------ DATA ------

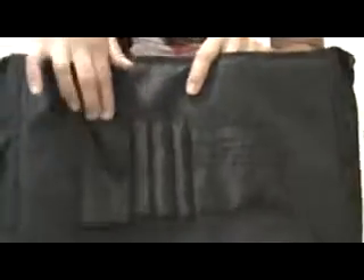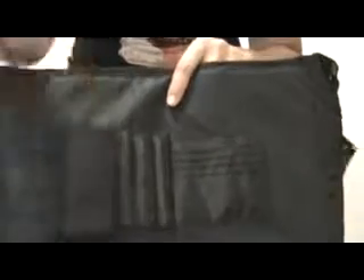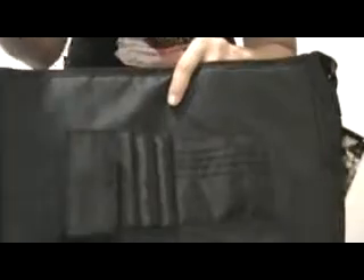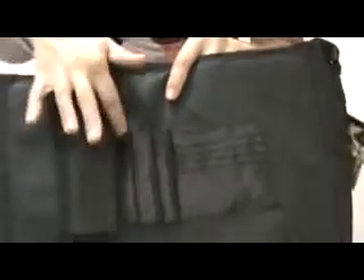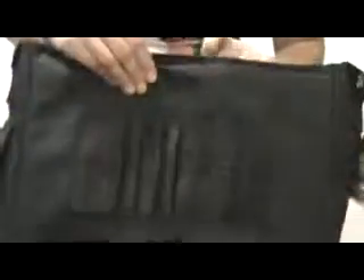In the front here, we've got quite a few little pockets. So here you can maybe put some readers, a couple of cards. If you've got a smaller phone, you can put it in there. A few pens, and nice little spots for your cards and all that jazz.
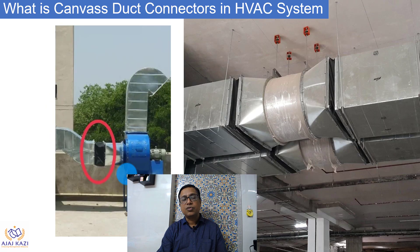You can see a fan, which is a source of noise and vibration, connected to the duct via a flexible connector or duct connector. Similarly, you can see a duct connector used to connect ducts to the fan. These are some of the applications — it is used for AHUs, FCUs, and all rotating equipment that are sources of noise and vibration.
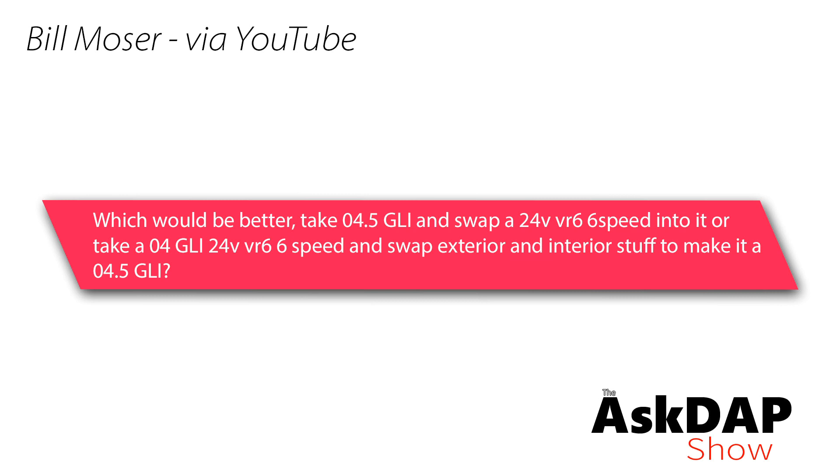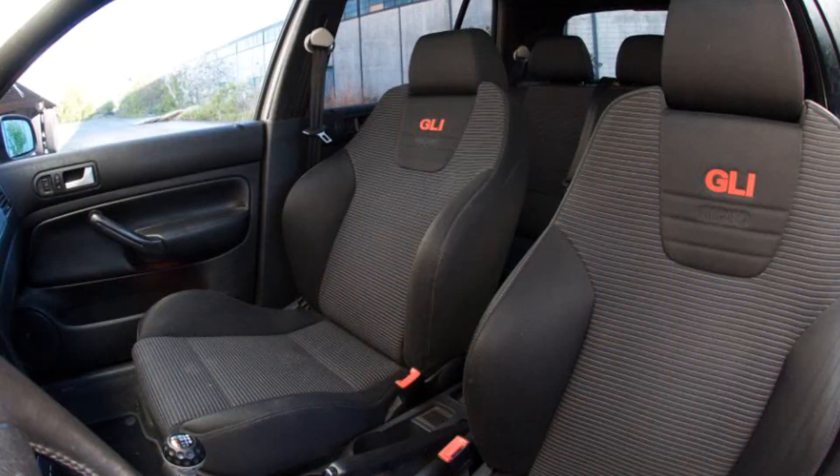Bill via YouTube asks about swapping a VR6 engine versus swapping an interior. For me, it's not even close — the interior swap is going to be way easier. They're both a considerable amount of work, but the context here is swapping an engine from a Mark IV GLI with a 1.8T into a 24-valve VR6 car that has a better interior. The reason he wants to do this is to put a VR6 in a car with the better GLI Recaro interior, which is appealing for pretty much anybody into cars.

------

WHAT TO PRODUCE
Once the pictures are set aside, output the whole listing exactly.

RESPONSE TO THE EXERCISE
In the front here, we've got quite a few little pockets. So here you can maybe put some readers, a couple of cards. If you've got a smaller phone, you can put it in there. A few pens, and nice little spots for your cards and all that jazz.
You can see a fan, which is a source of noise and vibration, connected to the duct via a flexible connector or duct connector. Similarly, you can see a duct connector used to connect ducts to the fan. These are some of the applications — it is used for AHUs, FCUs, and all rotating equipment that are sources of noise and vibration.
Bill via YouTube asks about swapping a VR6 engine versus swapping an interior. For me, it's not even close — the interior swap is going to be way easier. They're both a considerable amount of work, but the context here is swapping an engine from a Mark IV GLI with a 1.8T into a 24-valve VR6 car that has a better interior. The reason he wants to do this is to put a VR6 in a car with the better GLI Recaro interior, which is appealing for pretty much anybody into cars.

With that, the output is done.